What are pellets?

Pellets are often confused with mammal droppings, or scats, but are in fact regurgitated undigested food left by birds. They are usually found where birds have been feeding, roosting or nesting, and though wet and soft when fresh, soon dry out and harden.

All birds produce pellets, depending on what they have been eating, though some are more obvious than others. The ones found most frequently are those from raptors, which feed on mammals and birds – the fur, bones and feathers remain undigested.

In other bird species, fish bones and scales, seeds, plant matter, shells and insect remains may all be packaged up into a single pellet. Some large seabirds, such as gulls and skuas, swallow petrels, auks and rodents whole – subsequent pellets contain almost intact bones and wings.

How to identify different bird pellets

Buzzard pellet

Size 4.5–6cm

Large; fur and feathers but few bones as food is picked apart; under trees and telegraph poles and in fields.

Kestrel pellet

Size 2–4cm

Small; fur, small mammal bones and (on heaths) reptile scales and bones. Below nestboxes and holes in trees.

Peregrine pellet

Size 2–6cm

Large, thick, round; small body feathers, sometimes bones. Below favoured perches on buildings.

Sparrowhawk pellet

Size 5–6cm

Small – round at one end, pointed at the other; lots of small feathers. Below favourite plucking perches.

Tawny owl pellet

Size 2–5cm

Medium-sized; fur and bones of small mammals; birds’ skulls and bones. Below roost and nest sites in trees.

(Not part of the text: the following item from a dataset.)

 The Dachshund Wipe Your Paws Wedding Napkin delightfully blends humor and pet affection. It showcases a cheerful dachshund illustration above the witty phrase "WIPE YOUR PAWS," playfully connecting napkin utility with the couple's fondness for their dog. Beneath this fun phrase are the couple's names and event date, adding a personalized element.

Tawny owl pellet. © Mike Langman

Great black backed gull pellet

Size 3.5–5.5cm

Large, loose, fibrous; plant, insect, fish and mammal remains. Eats small seabirds and mammals whole

Herring gull pellet

Size 2.5–5cm

Coarse, fibrous, loose, yellow-brown; grass, insect parts, grain, bones, skulls, fish bones, scales. Near nests.

Magpie pellet

Size 3.5–4.5cm

Elongated and pointed; mix of seeds, bits of grass, insect wingcases, bones and fur. Lawns and short grassland.

Rook pellet

Size 3–4cm

Fibrous; vegetable matter, seeds, insect remains. Below rookeries and in fields where the birds feed.

Blackbird pellet

Size 1–2cm

Tightly packed, small, short, oval-shaped; full of insect body parts and fruit pips. Lawns and feeding sites.

Robin pellet

Size 1cm

Raisin-sized; insects, woodlice, seeds, centipede parts. Close to nests or below favourite singing perches.

Redshank pellet

Size 1–2cm

Small, moist, loose; crustaceans, seeds, grit, worms, shell fragments. Breakwaters, seawalls, mudflats.